# Need help choosing sight



## jscooterp (Aug 23, 2019)

I have a new bow and need to buy a sight. I want a single pin but have been told I’m not experienced enough?? If so what would you recommend for shooting out to 50yds?


----------



## ruffjason (May 20, 2018)

MBG.* Check them out. Great sights. No experience necessary. Lol.* Never heard one has to be "experienced" to shoot a single pin. Just saying that seems pretty stupid

Sent from my SM-G973U using http://bit.ly/Archery_Talk_app


----------



## sixteen26 (Oct 13, 2019)

The only reason I can think of for needing "experience" for a single pin sight is just how fast things can happen while hunting. If a deer sneaks up on you and is about to get into a shooting lane, you have to grab (or raise) your bow, decide if it's a deer you want to shoot, decide what the yardage is (either by a landmark or a range finder), draw, pick your spot and shoot. Depending on where you're hunting, this could all need to be done in only a few seconds. Shooting a single pin potentially adds another step to the process in that you have to set the yardage on your dial.

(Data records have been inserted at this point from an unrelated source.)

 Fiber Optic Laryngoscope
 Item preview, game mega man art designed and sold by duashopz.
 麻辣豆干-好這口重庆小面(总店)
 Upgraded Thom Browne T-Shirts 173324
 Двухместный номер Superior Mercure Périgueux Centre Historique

I personally set mine to 25 yards and have practice shooting with my dial at 25 from 10-35 yards so I know how high or low I may have to hold the pin to compensate in case I don't have a chance to adjust the dial.


----------



## Tipe (May 19, 2018)

For hunting, Garmin A1i if that's allowed where U hunt.

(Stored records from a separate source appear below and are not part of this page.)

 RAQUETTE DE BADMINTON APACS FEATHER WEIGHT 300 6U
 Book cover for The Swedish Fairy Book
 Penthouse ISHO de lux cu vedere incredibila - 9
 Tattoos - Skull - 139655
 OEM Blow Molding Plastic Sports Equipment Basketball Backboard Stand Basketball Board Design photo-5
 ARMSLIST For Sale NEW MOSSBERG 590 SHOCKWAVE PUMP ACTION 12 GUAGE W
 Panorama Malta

If not, then Axcell Accutouch Carbon Pro.
Been very pleased with it but I have HHA 5519 scope in it.
Better light and I like it more than AV-41 scope.
This is also pretty OK target/3D sight.

That 1 dot depends about other physical facts.
Arrow weight/speed. If U have fast arrow then those 3-5 pins are one mess in sight if they're 10m distance between each other.
More usable with slower arrow. But anyway they're there and U have lot of opportunities to choose wrong pin when that time comes when it matters.

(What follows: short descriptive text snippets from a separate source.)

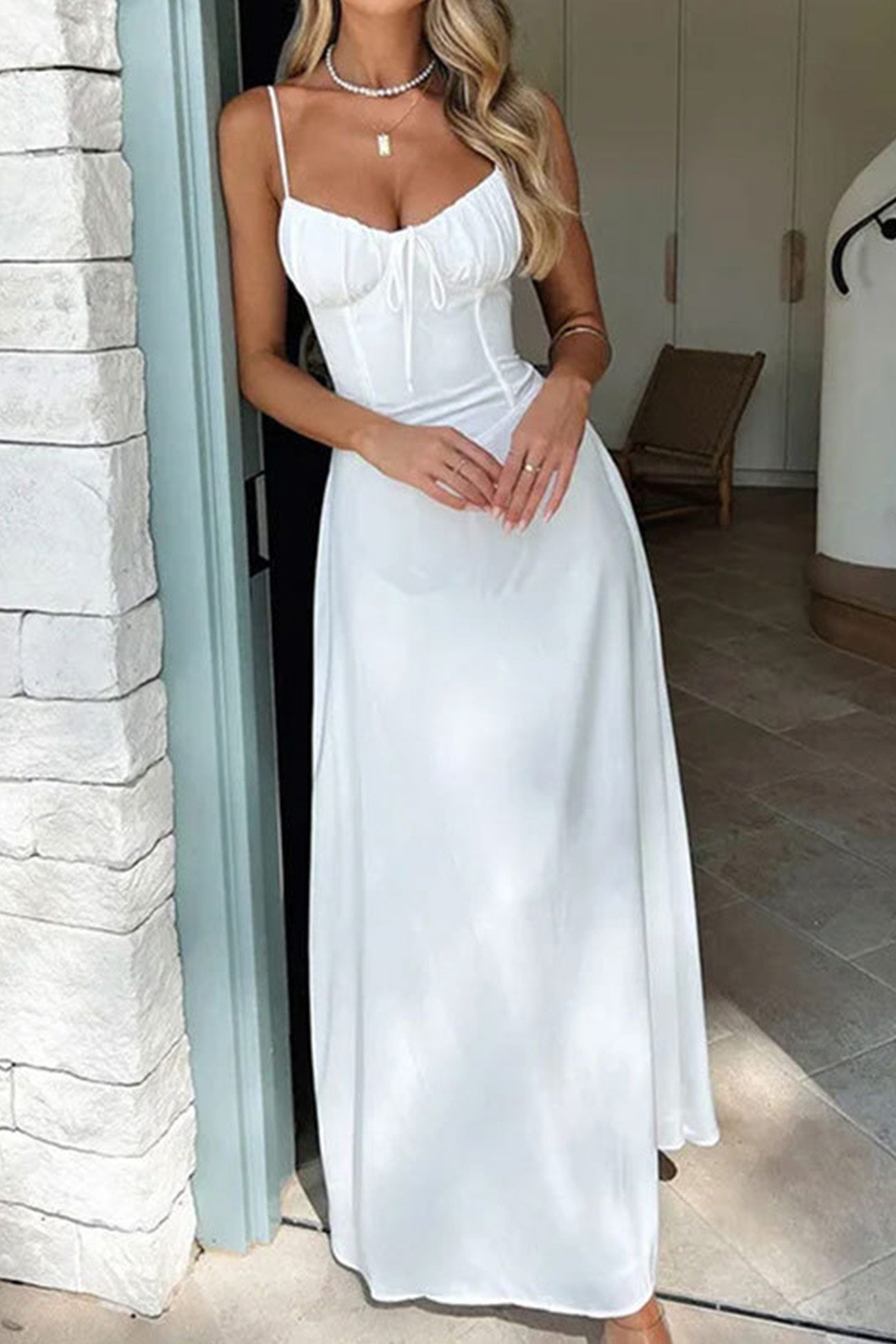 Beautifully Balanced Dress with Timeless Character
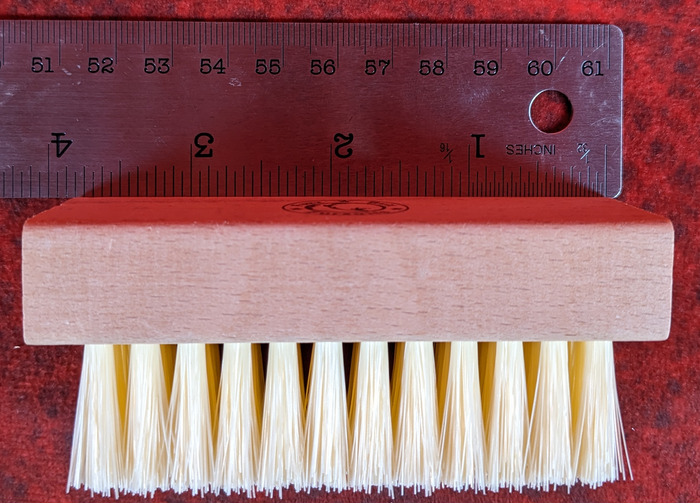 Short Fur Brushes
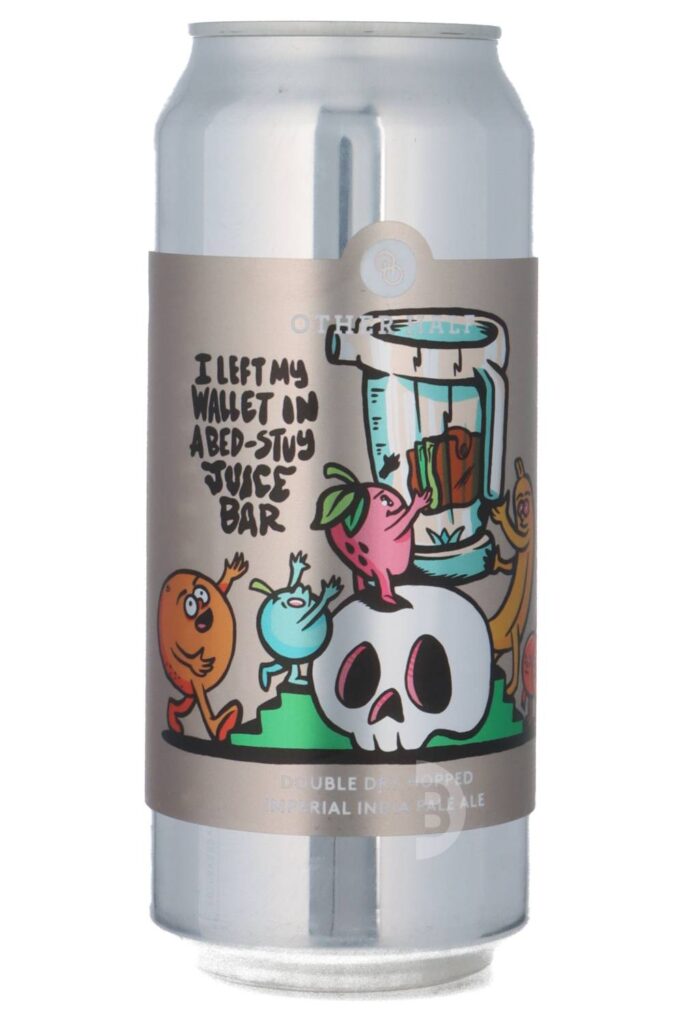 Other Half / Burial – I Left My Wallet in a Bed-Stuy Juice Bar Part 2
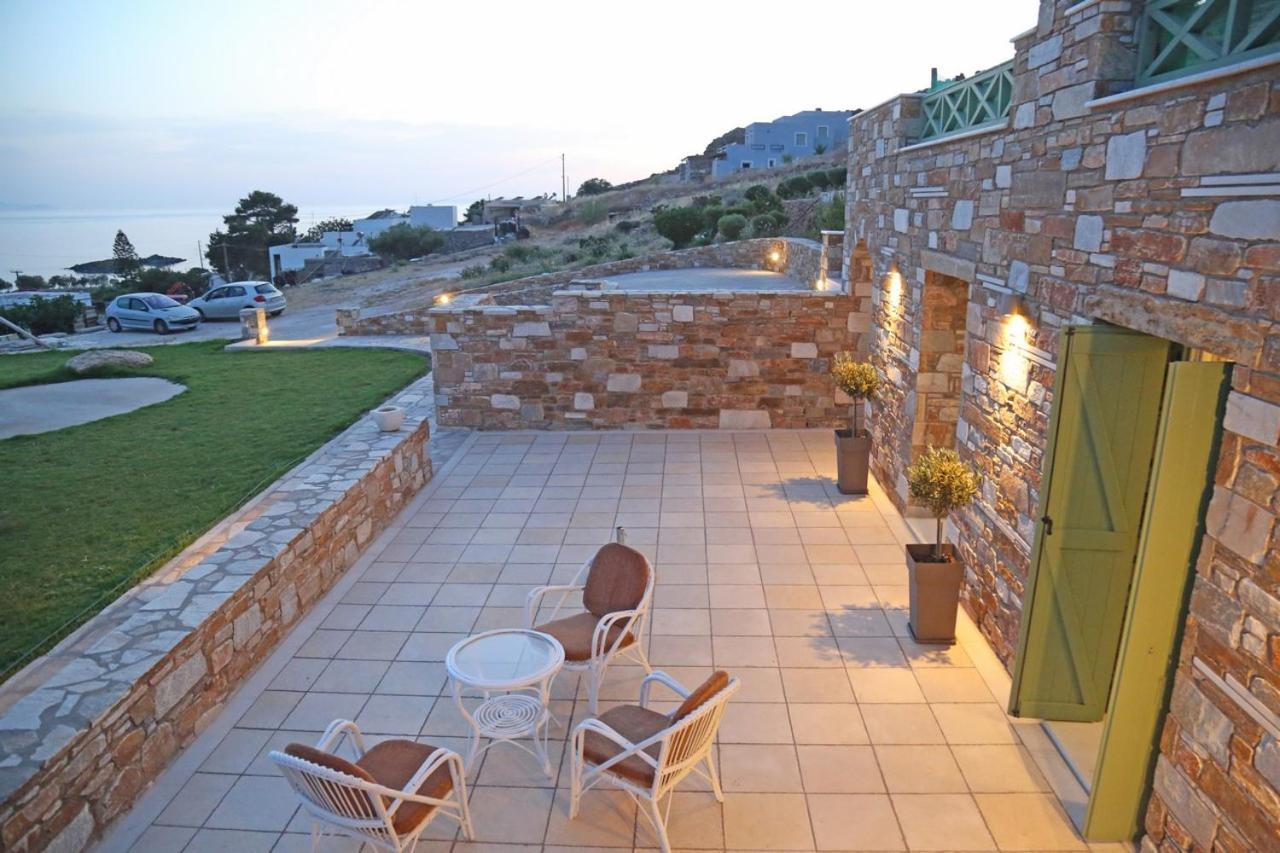 Olea Suite Syros - Φοίνικας, Σύρος, Κυκλάδες Posidhonia  Экстерьер фото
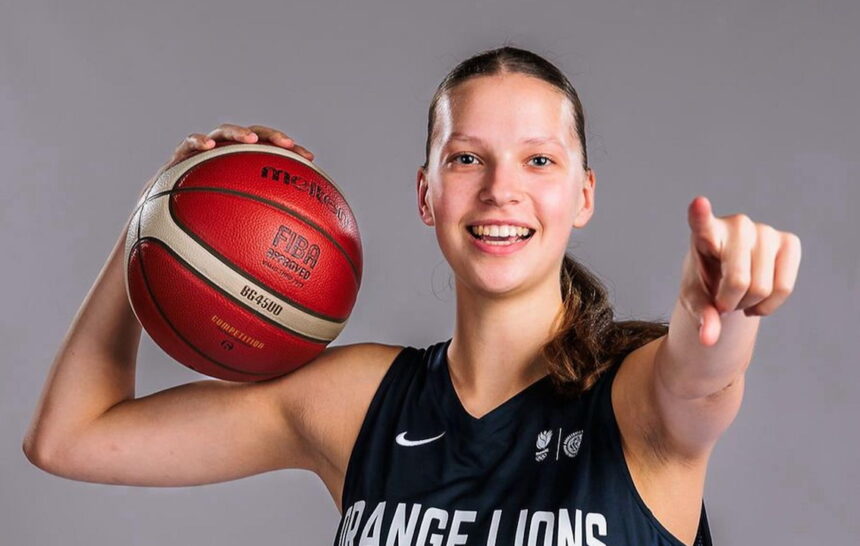 Basketballtalent Wassink naar Landsmeer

I would go for 1 pin sight, beginner or experienced but that just me.
If U can't get the shot with one pin, I hardly doubt that U would do any better with several pins.


----------



## dezenst (Dec 27, 2008)

Axcel! Carbon Pro has yardage clicks you can feel. 
Keeps your head on target and lets you dial to 20-30-40, etc. by feel.


----------



## Really_frosty (May 28, 2010)

IF you have the money then I would recommend a Axcel system these sights are great for compound bows and the anti-vibration feature is a great way to make sure these is no vibration through the sight limb during the shot. IT is not a cheap system but it is a versatile one and will last you a life time. I have used on for 5 years now and it has never failed me.


----------